* [Extracted data]

┄┄┄┄┄┄┄┄┄┄

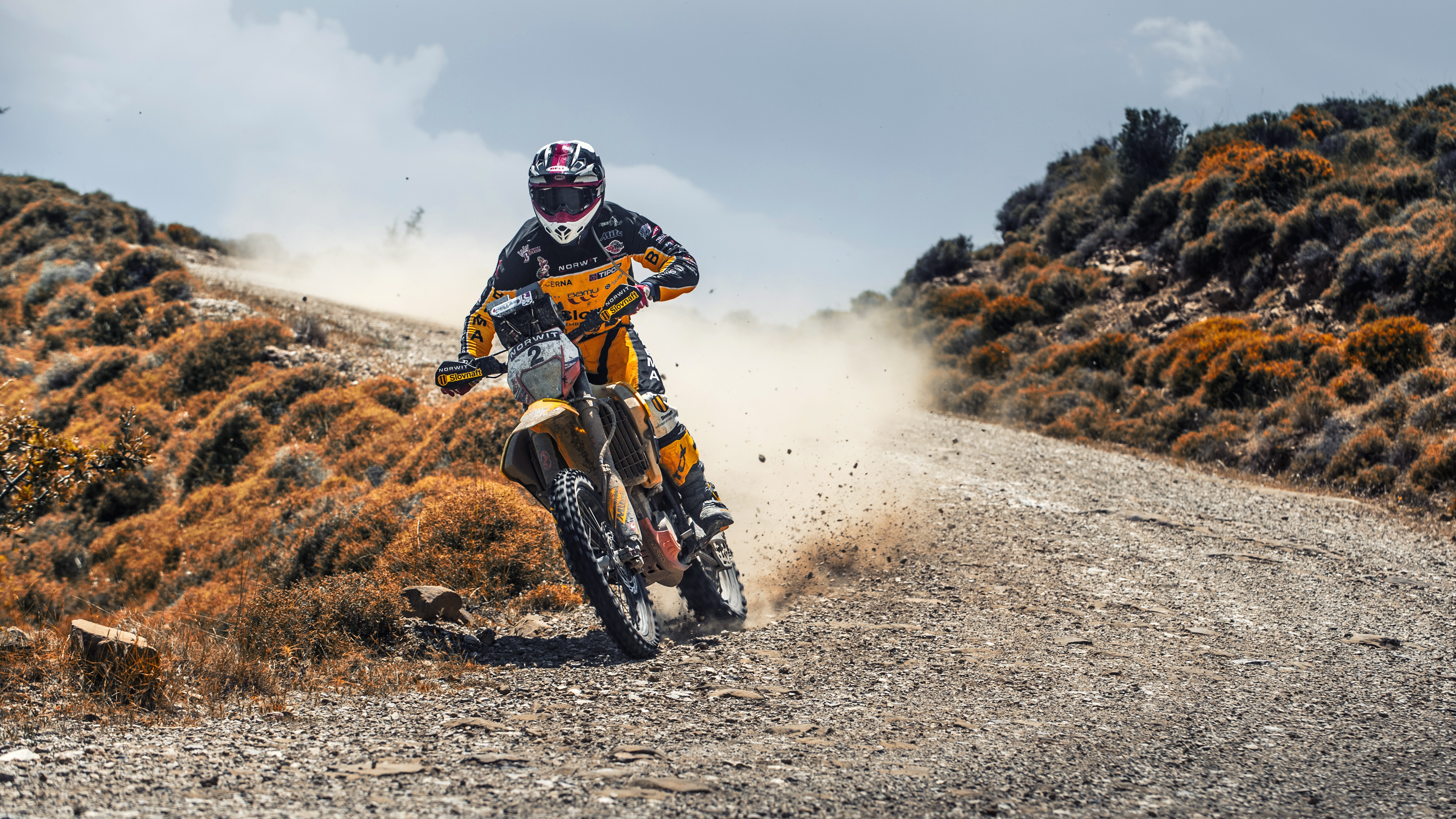 Motorcyclist racing on a dusty dirt road HD Wallpaper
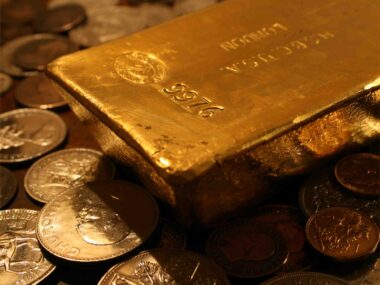 An image of a Gold Bar sitting on Gold Coins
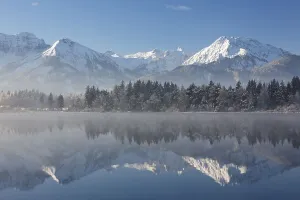Early morning mist on lake Hopfensee in winter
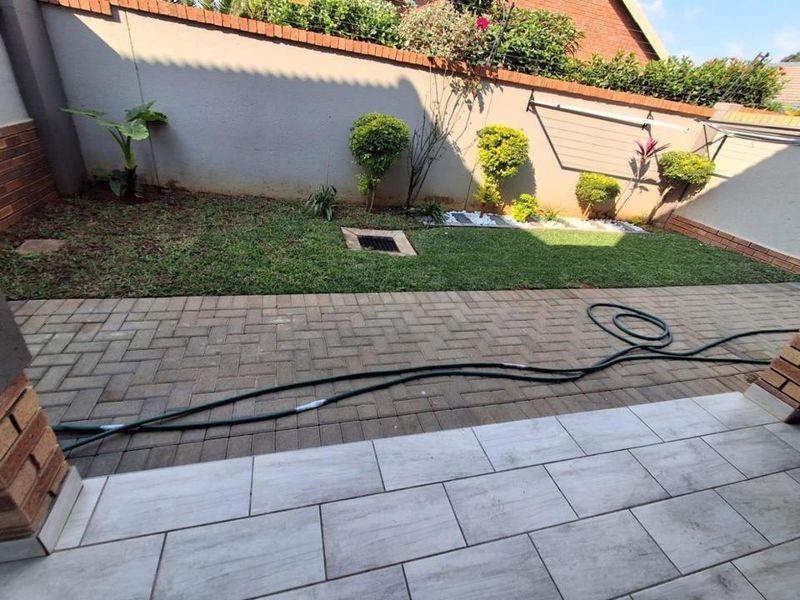 A private rear garden featuring a tiled patio area, paved walkway, and a well-maintained lawn enclosed by brick boundary walls.
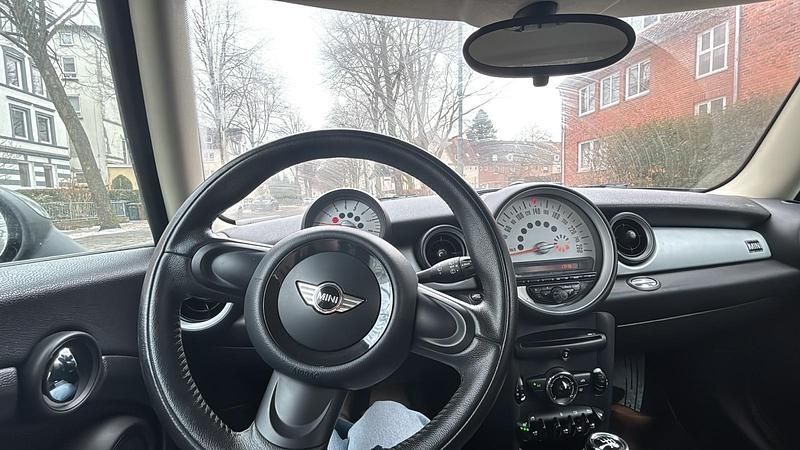 Gebraucht Mini Cooper 75 PS (55 kW) 2013 Schwarz Kleinwagen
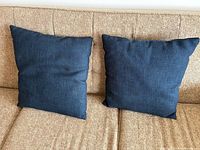 Front view of two matching navy blue square pillows on beige sofa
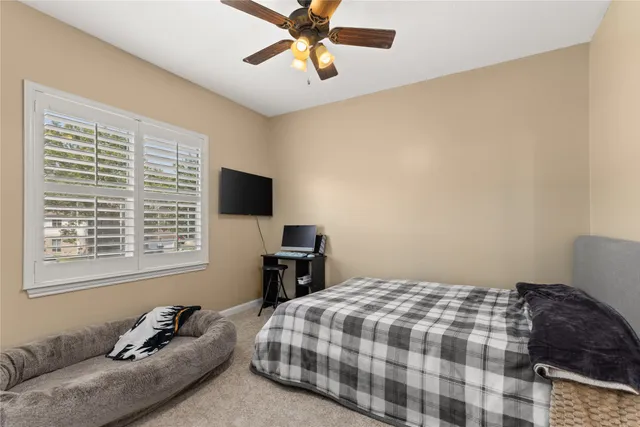 a bedroom with a bed and a television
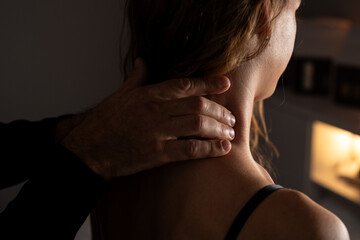 Close-up of male hands doing lymphatic drainage massage on a female neck.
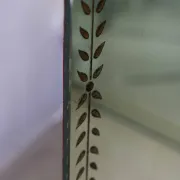 Triptych mirror with eglomisé and pediment, 1940s-50s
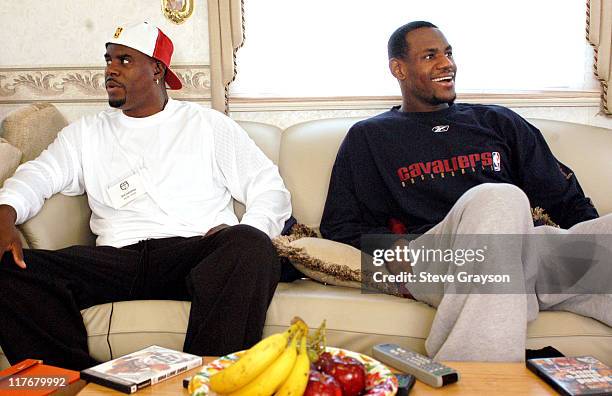 LeBron James, right, with his agent Aaron Goodwin at the Great Western Forum to film a commercial after two exhibition games in Los Angeles.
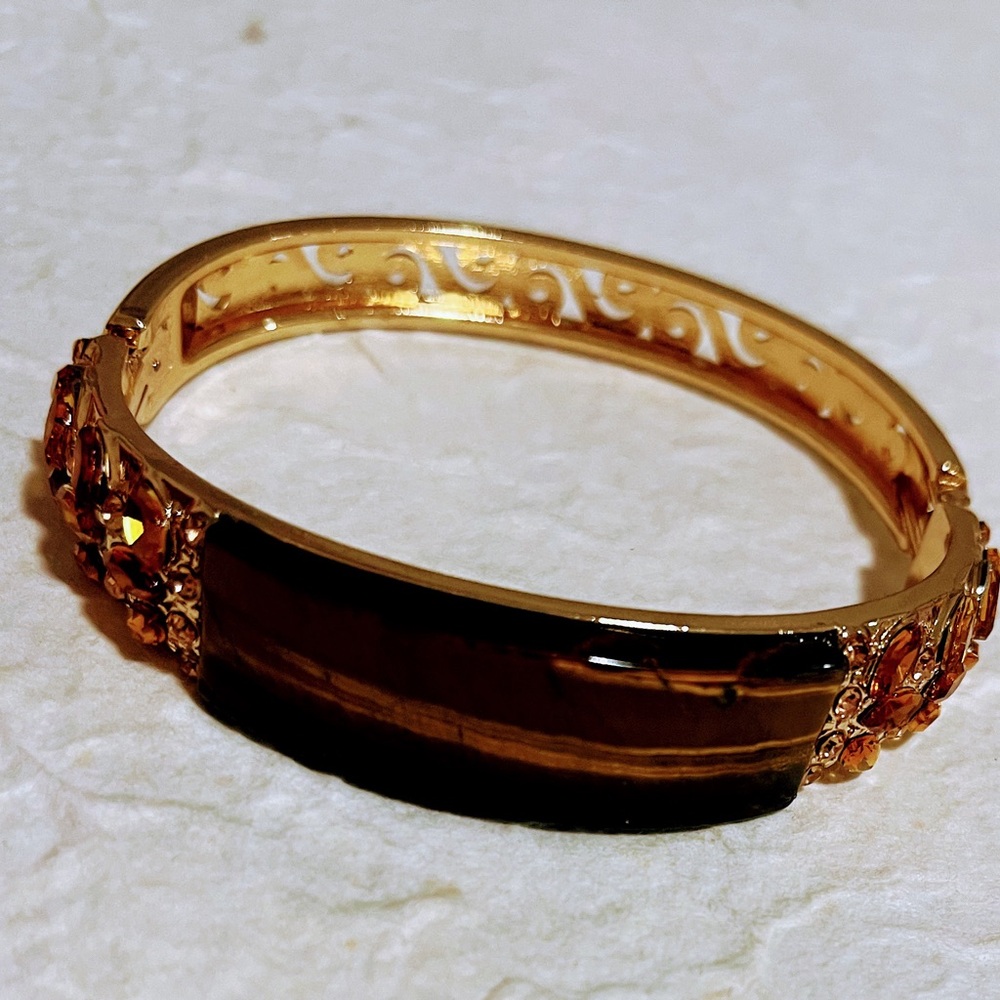 Luxurious Gold and Brown Bracelet with Intricate Design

┄┄┄┄┄┄┄┄┄┄

* [What you should do]
This task calls for restating, word for word, each line from the line holding "Early morning mist" through the end of the material, pictures left out.

* [Answer space]
Early morning mist on lake Hopfensee in winter
 A private rear garden featuring a tiled patio area, paved walkway, and a well-maintained lawn enclosed by brick boundary walls.
 Gebraucht Mini Cooper 75 PS (55 kW) 2013 Schwarz Kleinwagen
 Front view of two matching navy blue square pillows on beige sofa
 a bedroom with a bed and a television
 Close-up of male hands doing lymphatic drainage massage on a female neck.
 Triptych mirror with eglomisé and pediment, 1940s-50s
 LeBron James, right, with his agent Aaron Goodwin at the Great Western Forum to film a commercial after two exhibition games in Los Angeles.
 Luxurious Gold and Brown Bracelet with Intricate Design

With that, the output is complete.